_Available records_.
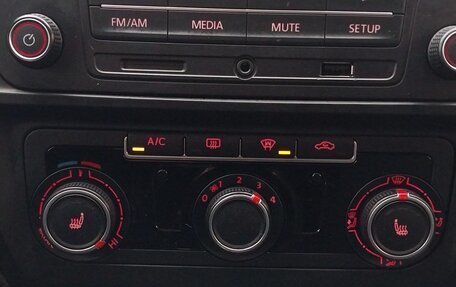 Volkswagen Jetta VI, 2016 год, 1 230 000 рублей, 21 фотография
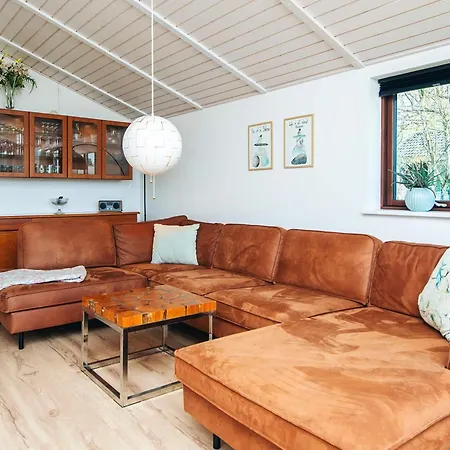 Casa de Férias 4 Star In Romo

==

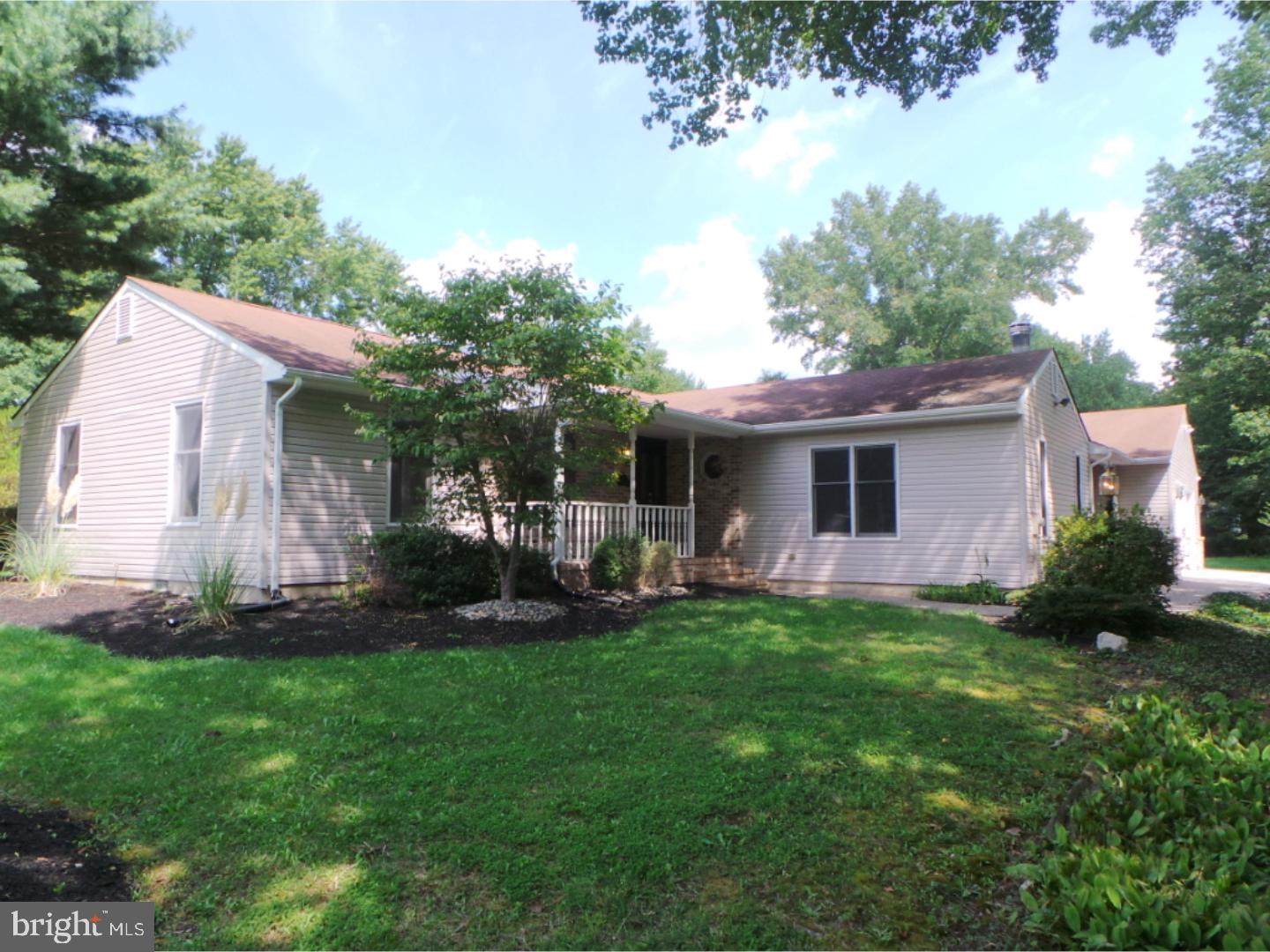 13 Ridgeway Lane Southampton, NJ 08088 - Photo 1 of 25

_Aim of the task_.
Using the records above, print exactly the run of lines that starts with the line with "Volkswagen Jetta VI, 2016" and goes on through the line with "Casa de Férias 4 Star In Romo", pictures excluded.

_Written response_.
 Volkswagen Jetta VI, 2016 год, 1 230 000 рублей, 21 фотография
 Casa de Férias 4 Star In Romo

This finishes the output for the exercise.